[INPUT MATERIAL]
------------------------
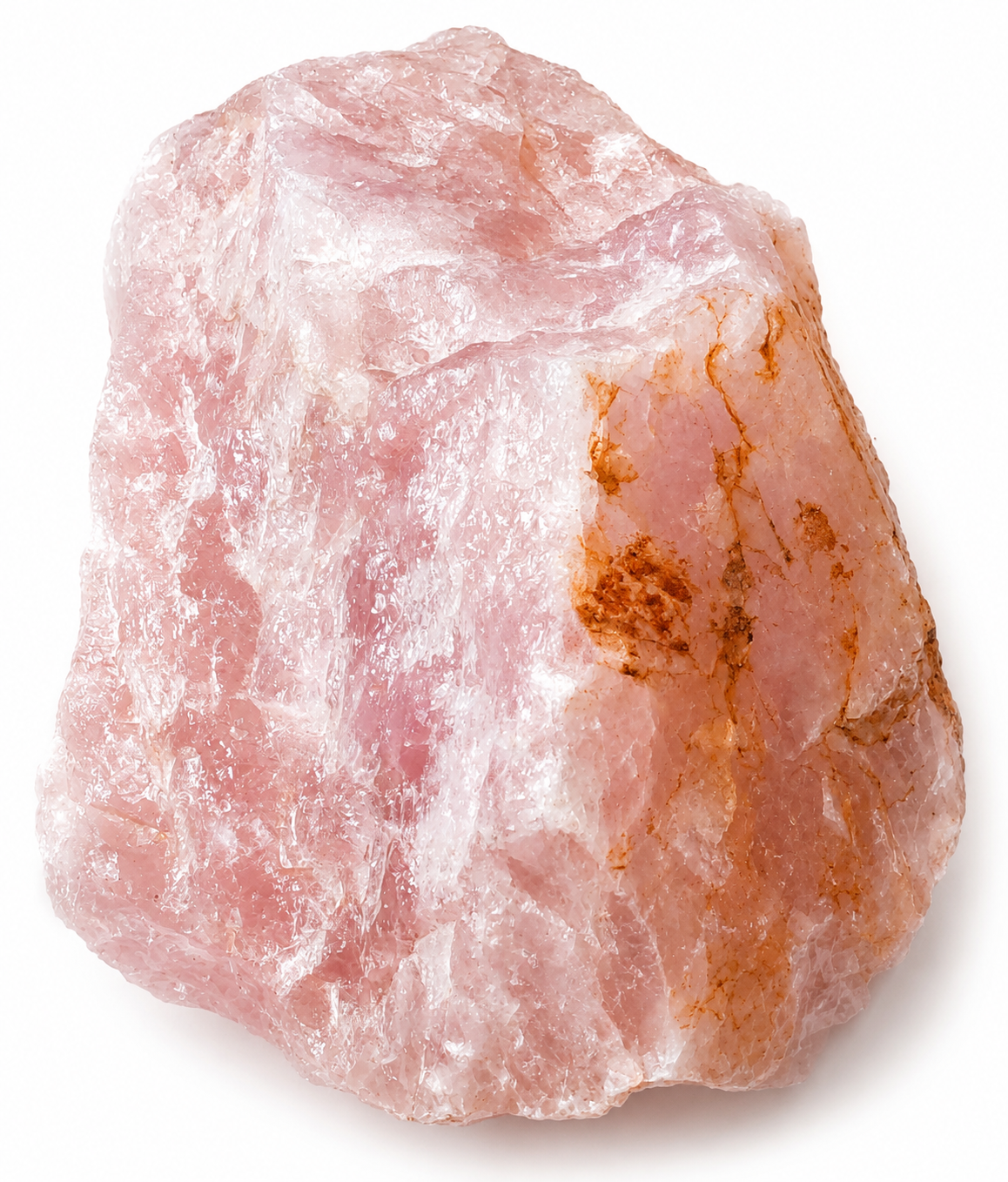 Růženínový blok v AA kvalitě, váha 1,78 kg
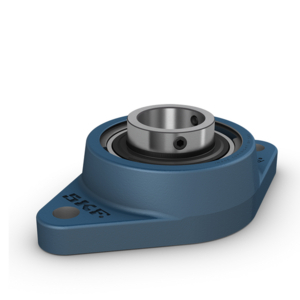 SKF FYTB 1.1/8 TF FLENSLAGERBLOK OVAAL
------------------------
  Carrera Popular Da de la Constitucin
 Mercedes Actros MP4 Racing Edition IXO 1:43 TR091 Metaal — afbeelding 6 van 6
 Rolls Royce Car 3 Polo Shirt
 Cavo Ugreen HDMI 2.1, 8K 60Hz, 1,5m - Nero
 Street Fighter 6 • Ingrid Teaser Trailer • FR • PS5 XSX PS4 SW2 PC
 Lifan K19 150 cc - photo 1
------------------------
[EXERCISE INSTRUCTIONS] Look above for the line containing "Cavo Ugreen HDMI 2.1, 8K 60Hz, 1,5m - Nero". Output from there through the line containing "Lifan K19 150 cc - photo 1", exactly and inclusively.

[WRITTEN ANSWER]
 Cavo Ugreen HDMI 2.1, 8K 60Hz, 1,5m - Nero
 Street Fighter 6 • Ingrid Teaser Trailer • FR • PS5 XSX PS4 SW2 PC
 Lifan K19 150 cc - photo 1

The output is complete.